**SOURCE MATERIAL**
[Start of Attachment]

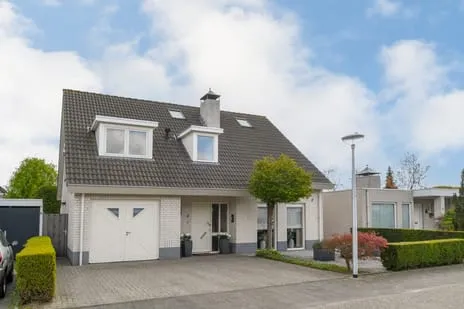 Vrijstaande woning te koop: Loirelaan 6, Eindhoven
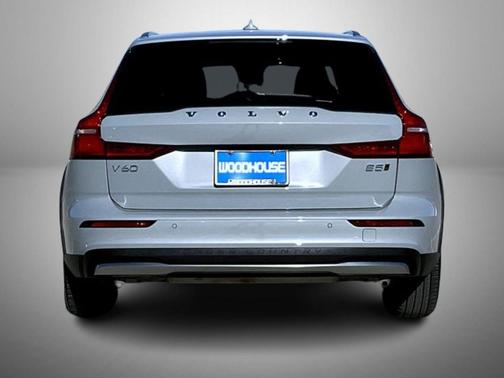 2025 Volvo V60 Cross Country B5 Plus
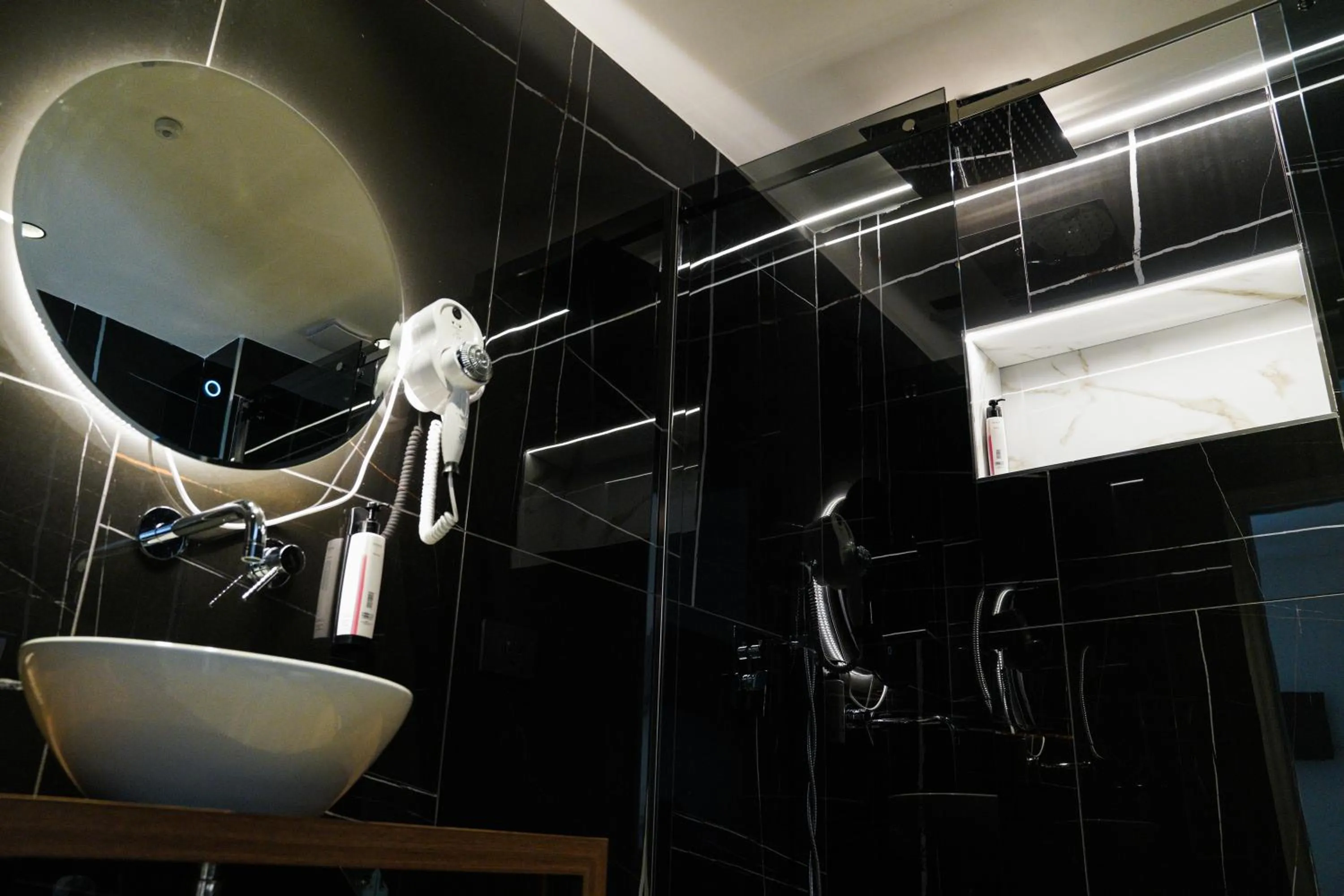Bathroom in Hotel Il Tesoro Pompeiano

[End of Attachment]

**PROBLEM REQUIREMENTS**
Please retype all of the material exactly, skipping whatever images it holds.

**RESULT OF THIS TASK**
 Vrijstaande woning te koop: Loirelaan 6, Eindhoven
 2025 Volvo V60 Cross Country B5 Plus
Bathroom in Hotel Il Tesoro Pompeiano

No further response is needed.